Permalink Reply by Tom Sarbeck on July 8, 2012 at 10:18pm RGI could have stopped after three after three of the above sentences.
He didn't, and the word I want to use is "servile" but I have no evidence of his emotional state at the time he wrote, or first uttered, the fourth sentence.
He could have said "A time to be happy is now" or "One of several times to be happy is now." Ditto for "place".
His use of "The" marks him as a man with tunnel vision. The world has more opportunities than can be seen while in a tunnel. Especially deep in a tunnel.

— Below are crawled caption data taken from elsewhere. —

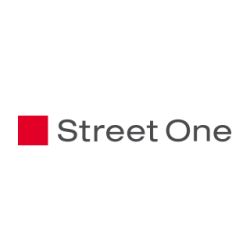 STREET ONE logo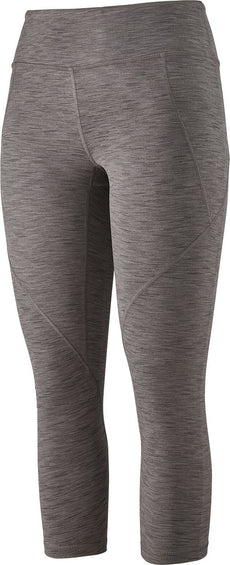 Patagonia Centered Crops Leggings Past Season - Women's
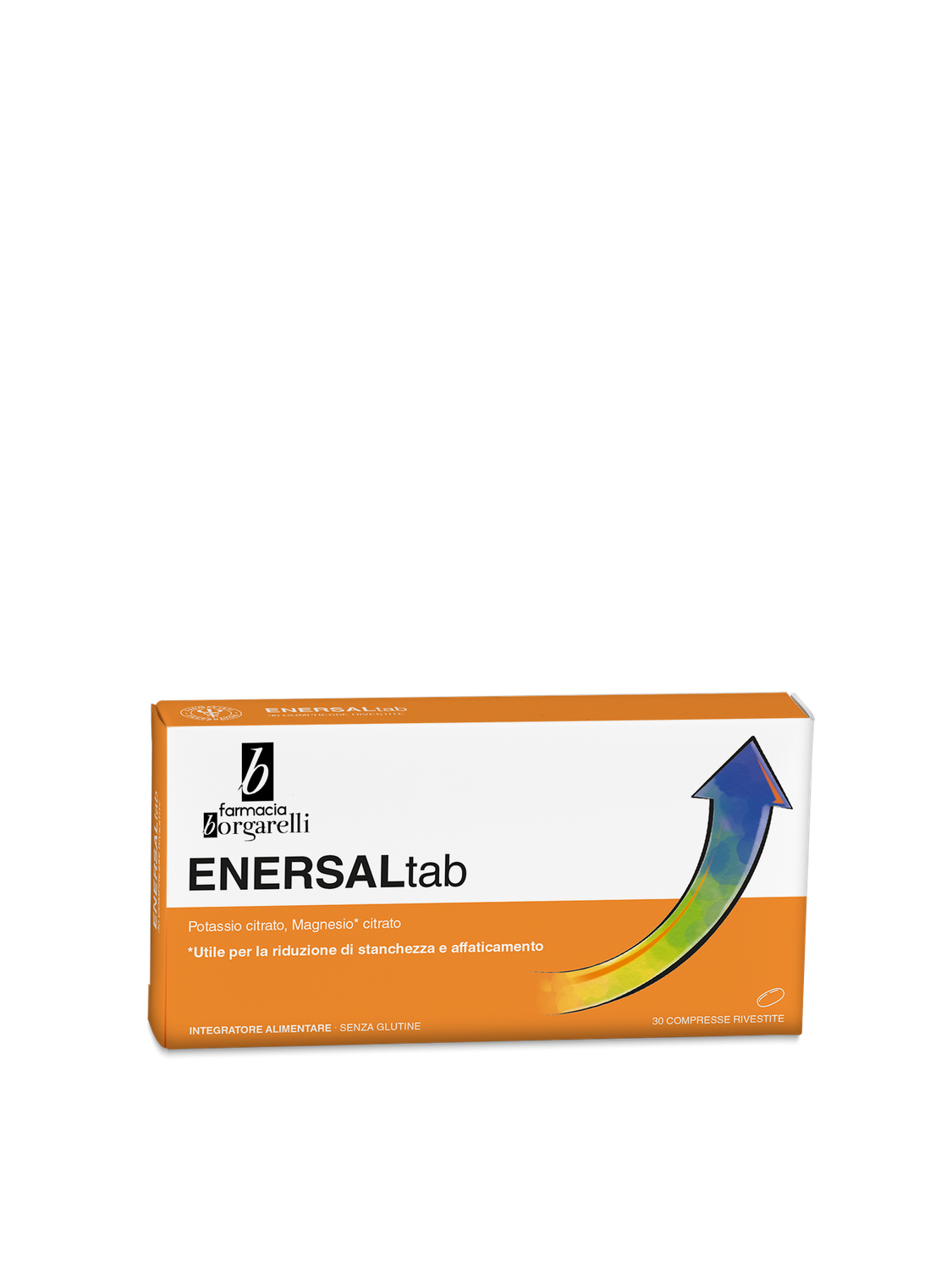 LFP ENERSALTAB 30CPR 33G
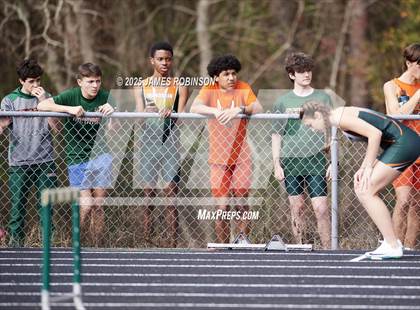 Thumbnail 3 in Mandarin Preseason Classic (300m) photogallery.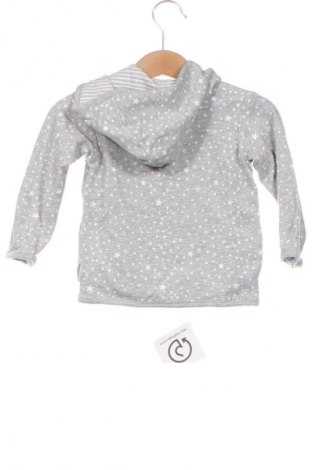 Kinderjacke Unbranded, Größe 18-24m/ 86-98 cm, Farbe Grau, Preis € 16,13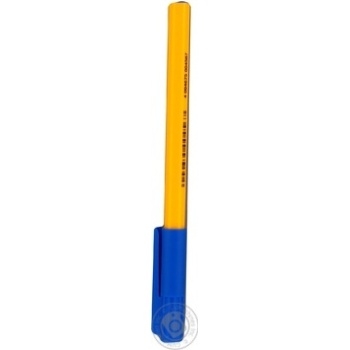 Pen Economix blue - buy, prices for MegaMarket - photo 1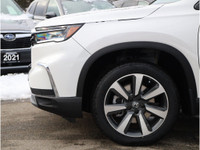 2025 HONDA PILOT TOURING - NAVIGATION - BACKUP CAMERA - HEATED FRONT SEATS - SUNROOF - DUAL-CLIMATE... (image 5)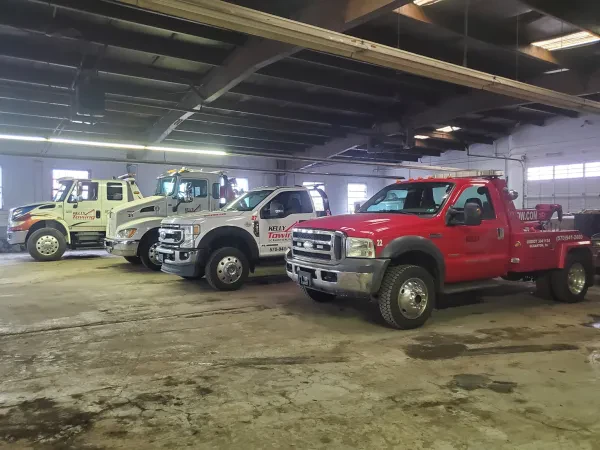 Kelly Towing - Green Ridge - photo 2
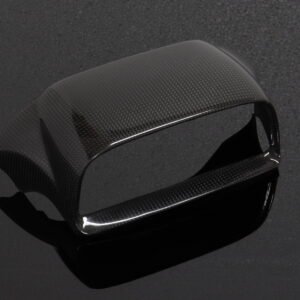 Instrument Surround, Carbon, 1985-2007 V-Max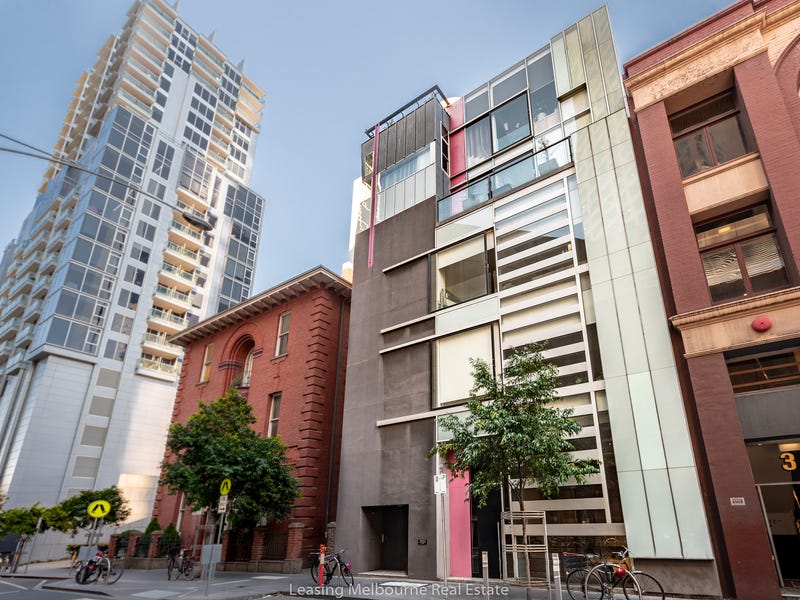 14/27 Flinders Lane, Melbourne, Vic 3000 Property Details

The NOAD defines "servile" as "of or characteristic of a slave or slaves". The Xianity I knew put a lot of effort into making me servile and for a time succeeded.
I'd been an agnostic for twenty years and a political activist (kind of radical) for five years when I heard a brother (fifteen years younger) say words much like RGI's fourth sentence above. I told my brother he sounded servile.
He got over it; he became and remains all but intolerably demanding. Like his older brother.
Permalink Reply by Dogly on July 7, 2012 at 9:47am My life has meaning and purpose because I live with a goal and purpose in mind. We can live an un-examined life. Or, we can choose to be introspective, think about the way the world is, and try to live in such a way as to leave it a more just, or clean, or healthy, or kind world. We have so many different talents to develop for both our own satisfaction, and also to share with everyone. When I think of a higher calling, I think "Johnny Appleseed"!
Permalink Reply by Edward Teach on July 7, 2012 at 10:05am Like a good existentialist, I think that other than propagation of the species, life is inherently meaningless. All meaning is of human creation. I love this. It means I can choose to create whatever meaning I wish.
For me, life is exactly what it is supposed to be. It is not supposed to be happy or peaceful or wonderful. It is all of these and miserable and scary and painful and boring. I am given the opportunity to appreciate the full range of human experiences. For me, meaning is simply appreciation for the full catastrophe ;-)
I go to the carnival to get scared at the haunted house, thrilled by the roller coaster, confused by the house of mirrors, freaked out by the freaks, horny by the burlesque. It would be a drag if the carnival only had one ride.
Life is the same way. We get the opportunity to appreciate or fail to appreciate a full range of experiences. They don't have to be enjoyed to be appreciated.